Define matrix $\mathbf A\coloneqq\overrightarrow{\overrightarrow{a_n^{*l}}_{k=0}^m}_{l=0}^m,$ then $\mathbf A\vec C=\vec 0$ , and $\operatorname{det}\mathbf A=\operatorname{det}\mathbf A^\mathrm T=\det\overrightarrow{\vec a_{n+k}}_{k=0}^m.$ Prove by contradiction. Assume that the value of the determinant is not $0$ , i.e. $\operatorname{det}\mathbf A\ne0$ , then the matrix $\mathbf A$ is invertible. Multiply the equation $\mathbf A\vec C=\vec 0$ by $\mathbf A^{-1}$ from the left on both sides, and we have $\vec C=\vec 0$ , which contradicts with the fact that $\vec C$ is not all zero.

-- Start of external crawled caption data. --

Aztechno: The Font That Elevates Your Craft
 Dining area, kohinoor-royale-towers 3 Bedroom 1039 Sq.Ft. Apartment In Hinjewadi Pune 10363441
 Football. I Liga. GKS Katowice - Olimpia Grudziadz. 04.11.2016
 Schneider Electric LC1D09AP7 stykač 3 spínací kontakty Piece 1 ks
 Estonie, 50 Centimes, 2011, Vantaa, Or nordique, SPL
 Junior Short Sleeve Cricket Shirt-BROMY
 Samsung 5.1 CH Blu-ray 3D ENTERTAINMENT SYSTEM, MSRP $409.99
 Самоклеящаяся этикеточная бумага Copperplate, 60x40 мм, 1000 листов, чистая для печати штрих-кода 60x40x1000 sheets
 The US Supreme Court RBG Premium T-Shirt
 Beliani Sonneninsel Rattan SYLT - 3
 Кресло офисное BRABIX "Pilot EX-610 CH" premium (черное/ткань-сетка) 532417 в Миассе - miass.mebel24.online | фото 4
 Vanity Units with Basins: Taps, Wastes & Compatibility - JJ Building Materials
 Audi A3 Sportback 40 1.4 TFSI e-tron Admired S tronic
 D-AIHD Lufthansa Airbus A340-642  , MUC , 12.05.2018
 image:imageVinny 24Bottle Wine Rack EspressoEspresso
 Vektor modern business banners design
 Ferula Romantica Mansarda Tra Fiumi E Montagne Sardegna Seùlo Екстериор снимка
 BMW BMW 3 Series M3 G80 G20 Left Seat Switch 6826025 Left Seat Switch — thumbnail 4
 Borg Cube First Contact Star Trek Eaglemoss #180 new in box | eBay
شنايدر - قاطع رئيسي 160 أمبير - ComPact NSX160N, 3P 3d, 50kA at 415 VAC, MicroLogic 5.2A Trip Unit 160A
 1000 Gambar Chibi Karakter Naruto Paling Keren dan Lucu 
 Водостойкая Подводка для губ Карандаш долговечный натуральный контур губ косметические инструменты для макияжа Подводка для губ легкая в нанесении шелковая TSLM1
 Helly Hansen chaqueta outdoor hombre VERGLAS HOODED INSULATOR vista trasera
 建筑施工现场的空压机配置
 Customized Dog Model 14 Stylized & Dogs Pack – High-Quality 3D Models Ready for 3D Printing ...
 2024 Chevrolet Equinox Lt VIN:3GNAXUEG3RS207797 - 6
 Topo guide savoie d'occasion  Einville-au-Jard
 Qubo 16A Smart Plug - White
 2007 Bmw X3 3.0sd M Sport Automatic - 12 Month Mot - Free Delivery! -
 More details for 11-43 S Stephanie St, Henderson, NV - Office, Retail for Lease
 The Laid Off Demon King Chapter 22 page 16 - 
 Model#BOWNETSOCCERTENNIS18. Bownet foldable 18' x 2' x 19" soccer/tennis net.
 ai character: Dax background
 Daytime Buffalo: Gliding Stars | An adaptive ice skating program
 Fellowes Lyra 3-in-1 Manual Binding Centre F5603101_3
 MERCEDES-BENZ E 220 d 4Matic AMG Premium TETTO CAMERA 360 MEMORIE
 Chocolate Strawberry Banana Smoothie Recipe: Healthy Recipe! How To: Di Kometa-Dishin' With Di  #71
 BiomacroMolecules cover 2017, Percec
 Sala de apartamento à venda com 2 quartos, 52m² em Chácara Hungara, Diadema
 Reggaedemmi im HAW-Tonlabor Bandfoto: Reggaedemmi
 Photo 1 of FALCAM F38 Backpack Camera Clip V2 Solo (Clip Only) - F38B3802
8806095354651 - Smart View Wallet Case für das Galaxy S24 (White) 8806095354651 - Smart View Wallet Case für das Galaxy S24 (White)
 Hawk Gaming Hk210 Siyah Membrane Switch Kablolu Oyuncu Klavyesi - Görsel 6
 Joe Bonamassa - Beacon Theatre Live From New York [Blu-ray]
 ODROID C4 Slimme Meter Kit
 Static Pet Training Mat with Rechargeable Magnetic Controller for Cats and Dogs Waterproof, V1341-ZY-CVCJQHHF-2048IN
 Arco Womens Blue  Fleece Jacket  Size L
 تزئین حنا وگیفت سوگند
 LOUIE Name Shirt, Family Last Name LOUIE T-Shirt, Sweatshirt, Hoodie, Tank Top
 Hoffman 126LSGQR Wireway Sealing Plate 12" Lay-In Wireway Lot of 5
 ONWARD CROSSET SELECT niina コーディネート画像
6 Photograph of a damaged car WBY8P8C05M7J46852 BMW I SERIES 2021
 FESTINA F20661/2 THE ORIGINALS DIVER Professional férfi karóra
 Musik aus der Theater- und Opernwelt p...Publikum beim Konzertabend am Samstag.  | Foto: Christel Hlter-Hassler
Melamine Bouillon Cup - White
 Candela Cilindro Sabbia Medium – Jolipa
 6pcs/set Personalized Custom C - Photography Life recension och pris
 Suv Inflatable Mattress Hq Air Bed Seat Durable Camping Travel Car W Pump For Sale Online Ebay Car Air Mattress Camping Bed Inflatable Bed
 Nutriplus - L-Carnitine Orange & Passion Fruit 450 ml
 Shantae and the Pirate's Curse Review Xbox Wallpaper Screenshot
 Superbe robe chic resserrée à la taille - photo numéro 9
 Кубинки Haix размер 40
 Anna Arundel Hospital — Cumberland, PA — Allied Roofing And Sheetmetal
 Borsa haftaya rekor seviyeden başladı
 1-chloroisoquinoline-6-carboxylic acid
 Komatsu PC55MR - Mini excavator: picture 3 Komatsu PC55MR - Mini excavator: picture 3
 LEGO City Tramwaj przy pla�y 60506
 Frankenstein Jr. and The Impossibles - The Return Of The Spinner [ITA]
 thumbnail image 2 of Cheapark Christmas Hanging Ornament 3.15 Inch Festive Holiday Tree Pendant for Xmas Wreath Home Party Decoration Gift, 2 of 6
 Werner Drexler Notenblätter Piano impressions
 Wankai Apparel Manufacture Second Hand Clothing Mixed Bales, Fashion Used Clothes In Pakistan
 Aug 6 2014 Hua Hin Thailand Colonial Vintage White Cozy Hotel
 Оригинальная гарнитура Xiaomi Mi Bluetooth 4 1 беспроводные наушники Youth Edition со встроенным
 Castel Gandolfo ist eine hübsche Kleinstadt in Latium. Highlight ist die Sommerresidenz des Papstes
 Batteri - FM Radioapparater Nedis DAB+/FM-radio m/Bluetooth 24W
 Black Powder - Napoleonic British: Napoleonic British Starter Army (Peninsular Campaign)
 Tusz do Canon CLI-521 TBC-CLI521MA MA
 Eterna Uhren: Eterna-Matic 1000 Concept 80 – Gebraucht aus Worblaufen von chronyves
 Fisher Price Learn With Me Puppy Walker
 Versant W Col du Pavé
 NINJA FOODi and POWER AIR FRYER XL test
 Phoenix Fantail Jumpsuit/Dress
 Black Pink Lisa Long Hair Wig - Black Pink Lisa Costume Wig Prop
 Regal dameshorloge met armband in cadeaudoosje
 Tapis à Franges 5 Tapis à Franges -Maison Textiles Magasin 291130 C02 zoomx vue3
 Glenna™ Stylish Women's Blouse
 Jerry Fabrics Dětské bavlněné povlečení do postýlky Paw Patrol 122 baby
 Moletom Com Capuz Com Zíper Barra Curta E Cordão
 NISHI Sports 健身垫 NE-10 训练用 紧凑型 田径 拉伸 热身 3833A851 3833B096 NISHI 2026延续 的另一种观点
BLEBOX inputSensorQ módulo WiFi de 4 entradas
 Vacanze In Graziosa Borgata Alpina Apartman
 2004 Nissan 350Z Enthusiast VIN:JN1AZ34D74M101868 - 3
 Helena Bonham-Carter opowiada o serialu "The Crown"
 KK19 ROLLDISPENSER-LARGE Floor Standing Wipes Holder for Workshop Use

Therefore, $\det\overrightarrow{\vec a_{n+k}}_{k=0}^m=0$ .

(Boohoo! I cannot prove the sufficiency myself.) $\square$

Lemma 11. Suppose the sequence equation $\vec p\cdot\overrightarrow{a_{n+k}}_{k=0}^m=0$ (where $\vec p$ is a $\left(m+1\right)$ -dimensional constant vector and not all zero) has a set of $m$ linearly independent special solutions $\left\{\overrightarrow{a_n^{*l}}_{l=1}^m\right\}$ , then the general solution of the sequence solution is $\vec C\cdot\overrightarrow{a_n^{*l}}_{l=1}^m$ , where $\vec C$ is a tuple of $m$ constants.

Proof. First prove that $\left\{a_n\right\}$ , where $a_n\coloneqq\vec C\cdot\overrightarrow{a_n^{*l}}_{l=1}^m,$ must be a special solution of the original sequence equation.

Substitute it into the LHS of the original sequence equation, and we have $\begin{align*} \vec p\cdot\overrightarrow{\vec C\cdot\overrightarrow{a_{n+k}^{*l}}_{l=1}^m}_{k=0}^m &=\vec C\cdot\overrightarrow{\vec p\cdot\overrightarrow{a_{n+k}^{*l}}_{k=0}^m}_{l=1}^m& \text{(Lemma 7)}\\ &=\vec C\cdot\overrightarrow0_{l=1}^m& \text{(Definition 9)}\\ &=0. \end{align*}$ By Definition 9, the sequence $\left\{a_n\right\}$ is a special solution of the original sequence equation.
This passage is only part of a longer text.